# SAMMY



## mJZ (Dec 23, 2015)

When we got him 8 days ago...









A few days later...









Yesterday...


----------



## mJZ (Dec 23, 2015)

10 weeks old.


----------



## Workshop Sauri (Oct 6, 2015)

oh, so beautiful!


----------



## colliemerles (Nov 2, 2007)

very cute, lovely pictures


----------



## mJZ (Dec 23, 2015)

Thank you 

Over 12 weeks old now. A bit of rain did not ruin our day 

I'm still not sure what Sammy's coat will be. I prefer smooth or something between smooth and rough with fairly short hair, but Sammy's got some longer hair in places so difficult to tell. I don't want another Rough Collie


----------



## Muttly (Oct 1, 2014)

Oh he's a gorgeous little boy!!!


----------



## mJZ (Dec 23, 2015)

15 weeks old


----------



## Muttly (Oct 1, 2014)

Wow hasn't he changed in 3 weeks! His long legs, so cute!!


----------



## mJZ (Dec 23, 2015)

Yeah. I love comparing the photos from when he was 8 weeks old with the last one. So big difference.

And his weight almost tripled over those 7 weeks. When we got him he was skinny and underweight 2.4 kg. Now he weighs 6.6 kg!


----------



## patco (Apr 16, 2015)

It's so cute and adorable


----------



## FeelTheBern (Jan 13, 2016)

Adorable! Collies by far have the cutest puppies of all.


----------



## mJZ (Dec 23, 2015)

A bit of update.

Sammy when he was 4 months old.... I was very happy with his coat as it seemed more like smooth coat with the exception of his ears.. His ears were up as well..

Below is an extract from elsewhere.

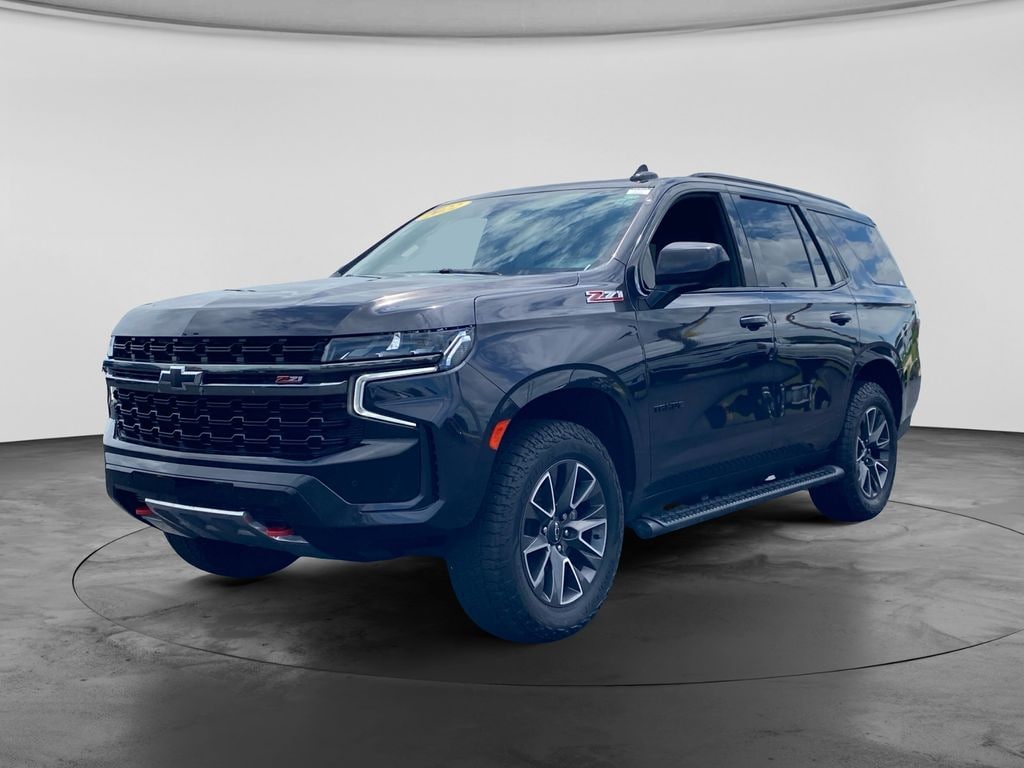 Used 2022 Chevrolet Tahoe Z71 SUV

5 months old.... The last month we enjoyed his both ears to be firmly up.. then he started to lose his puppy teeth and his ears got weaker too. We also noticed his coat got longer in places.










7 months old... end of his teething... past months his ears were up and down, left up right down or right up left down or both down or both up... every day is different so we don't know how it ends. His coat... OH NOES!... I don't think he's a smooth coat... He will most likely be a medium coat.


----------



## CKins (Oct 14, 2011)

Gosh he's absolutely gorgeous! Looks to have that typical Collie focus! What a lovely lad.


----------



## mJZ (Dec 23, 2015)

Sammy 11 months old. Not a puppy anymore 
He's perfect


----------



## Tillystar (Jan 30, 2013)

Wow he's beautiful


----------



## JamieArt (Sep 24, 2016)

He is awesome. I am an artist and did a pic of him for practice. Thought you might like it.


----------